The Michigan Theater
Credit Wikipedia Media Commons / wikipedia.org

America is still processing an unprecedented election.  If you need a break, why not catch a good movie?  In this week's "Cinema Chat," WEMU's David Fair talks with Michigan Theater executive director Russ Collins about the movie business and all the flicks opening this Veterans Day weekend.

Opening Downtown


A timeless story of human connection and self-discovery, this film chronicles the life of a young black man from childhood to adulthood as he struggles to find his place in the world while growing up in a rough neighborhood of Miami.  The story of his struggle to find himself is told across three defining chapters in his life as he experiences the ecstasy, pain, and beauty of falling in love while grappling with his own sexuality.  At once a vital portrait of contemporary African-American life and an intensely personal and poetic meditation on identity, family, friendship, and love, “Moonlight” is a groundbreaking piece of cinema that reverberates with deep compassion and universal truths.  Ty Burr of the Boston Globe writes, “In its quietly radical grace, it's a cultural watershed - a work that dismantles all the ways our media view young black men and puts in their place a series of intimate truths.”  “Moonlight” opens Friday.

“Certain Women”

This film features a remarkable ensemble cast led by Michelle Williams, Kristen Stewart, and Laura Dern in a stirring look at three women striving to forge their own paths amidst the wide-open plains of the American Northwest: a lawyer (Dern) who finds herself contending with both office sexism and a hostage situation; a wife and mother (Williams) whose determination to build her dream home puts her at odds with the men in her life; and a young law student (Stewart) who forms an ambiguous bond with a lonely ranch hand (radiant newcomer Lily Gladstone).  As their stories intersect in subtle but powerful ways, a portrait emerges of flawed, but strong-willed individuals in the process of defining themselves.  Ann Hornaday of the Washington Post writes “(director Kelly) Reichardt lets her flawed, enigmatic heroines be, allowing them to keep struggling, persevering and relishing what can sometimes pass for tiny victories.”  “Certain Women” opens Friday.

Continuing Downtown

"A Man Called Ove"

Sweden’s biggest hit since “The Girl With The Dragon Tattoo.”  Adapted from the best-selling novel by Fredrik Bachman, “A Man Called Ove” follows the titular character, Ove, the quintessential angry old man next door. An isolated retiree with strict principles and a short fuse, who spends his days enforcing block association rules that only he cares about, and visiting his wife’s grave, Ove has given up on life.

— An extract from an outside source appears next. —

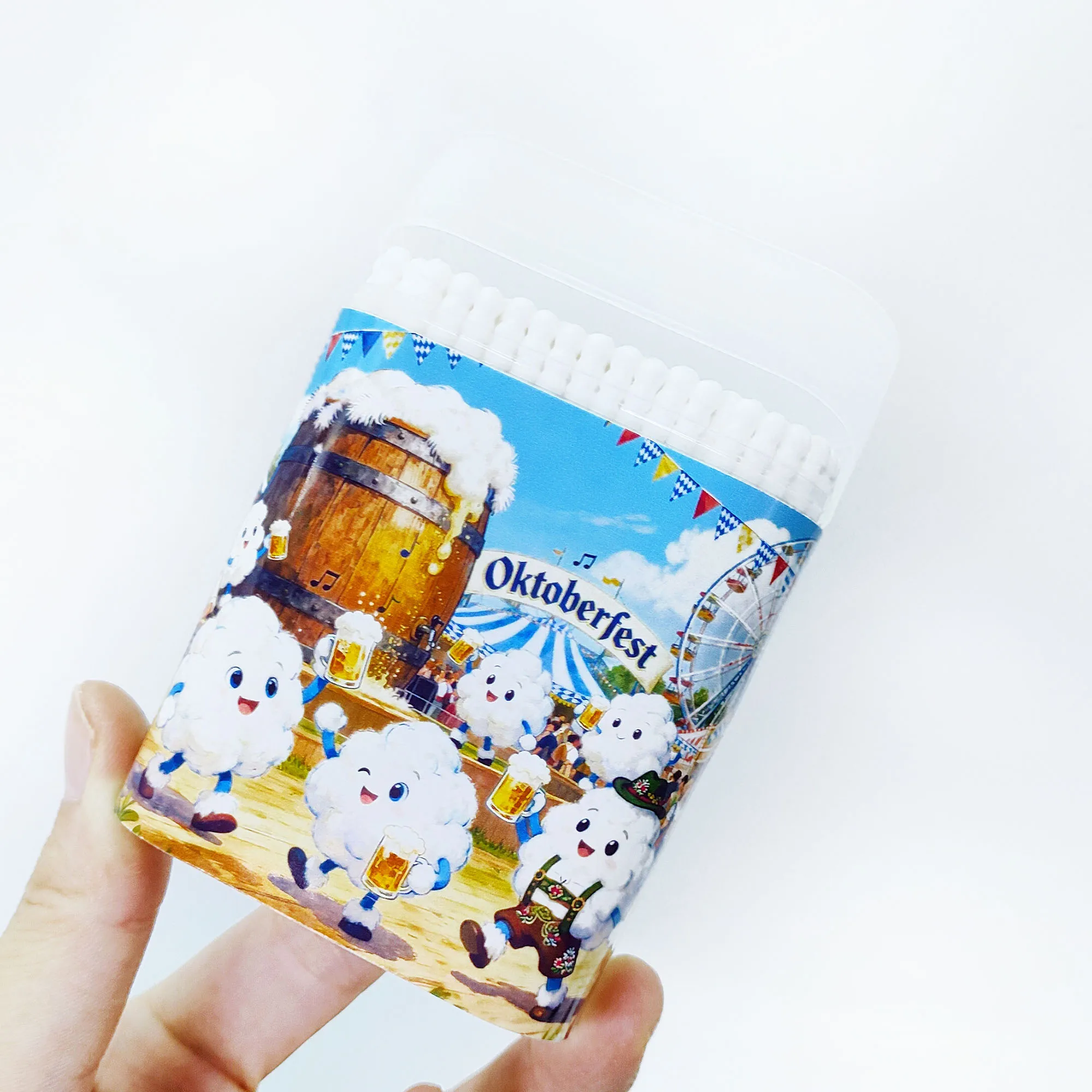 200 قطعة/600 قطعة مسحات قطنية تحت عنوان مهرجان البيرة، مسحات قطنية متعددة الوظائف برأسين، مسحات قطنية مستديرة حلزونية.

Enter a boisterous young family next door who accidentally flattens Ove’s mailbox while moving in and earning his special brand of ire.  Yet from this inauspicious beginning an unlikely friendship forms and we come to understand Ove’s past happiness and heartbreaks.  What emerges is a heartwarming tale of unreliable first impressions and the gentle reminder that life is sweeter when it’s shared.  Alissa Simon of Variety calls the film “a touching comic crowd pleaser that may call for a tissue or two by the end.” 

"Gimme Danger"

Jim Jarmusch’s new film chronicles the story of The Stooges, one of the greatest rock-n-roll bands of all time.  Emerging from Ann Arbor amidst a countercultural revolution, The Stooges’ powerful and aggressive style of rock-n-roll blew a crater in the musical landscape of the late 1960s.  Assaulting audiences with a blend of rock, blues, R&B, and free jazz, the band planted the seeds for what would be called punk and alternative rock in the decades that followed.  “Gimme Danger” presents the context of the Stooges’ emergence musically, culturally, politically, historically, and relates their adventures and misadventures while charting their inspirations and the reasons behind their initial commercial challenges, as well as their long-lasting legacy.  (Sharp-eyed observers will notice footage shot at the Stooges’ 2011 Michigan Theater concert.)  Andrew Lapin of NPR writes “The Stooges may be the biggest secret success story in music.  'Gimme Danger' preserves their legacy better than any fan might have dared hope.”  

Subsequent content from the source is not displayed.